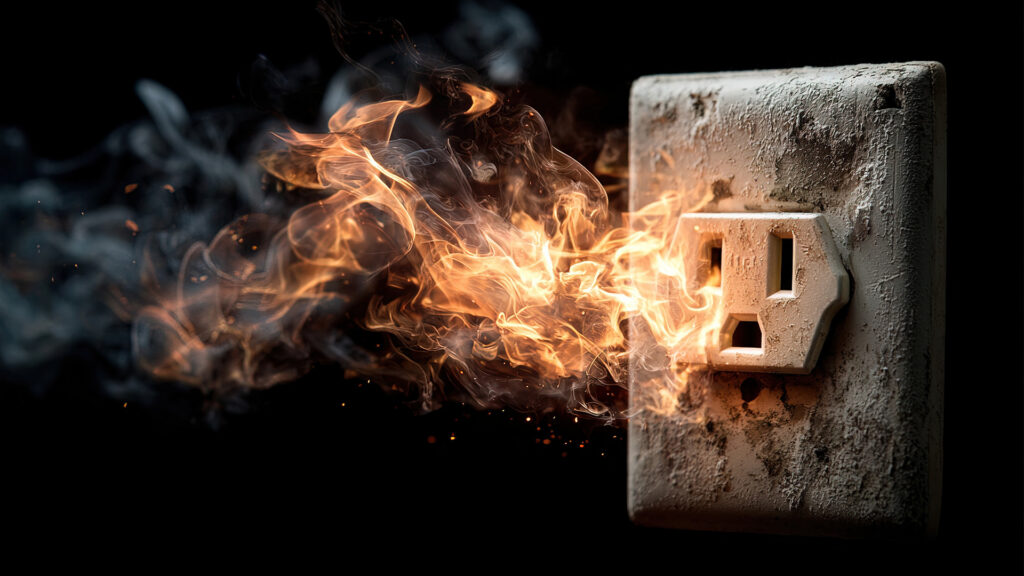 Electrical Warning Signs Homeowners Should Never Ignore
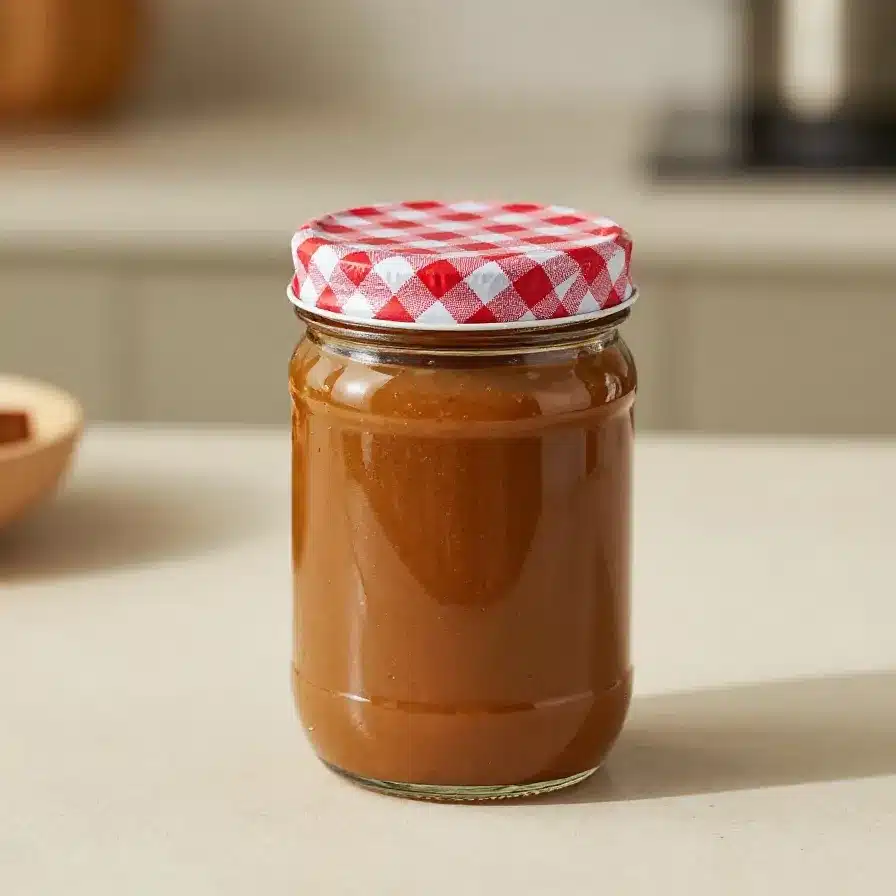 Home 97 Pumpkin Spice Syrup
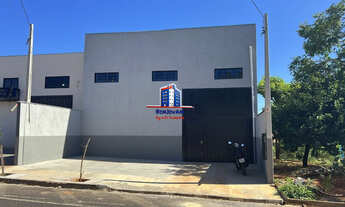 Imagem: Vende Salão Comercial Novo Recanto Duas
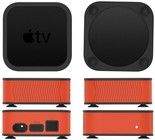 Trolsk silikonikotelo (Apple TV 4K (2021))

◇ ◇ ◇

Take the lines from the one holding "Imagem: Vende Salão" through the last line of the data above and copy them exactly, both ends included, omitting all pictures.

Written solution:
 Imagem: Vende Salão Comercial Novo Recanto Duas
 Trolsk silikonikotelo (Apple TV 4K (2021))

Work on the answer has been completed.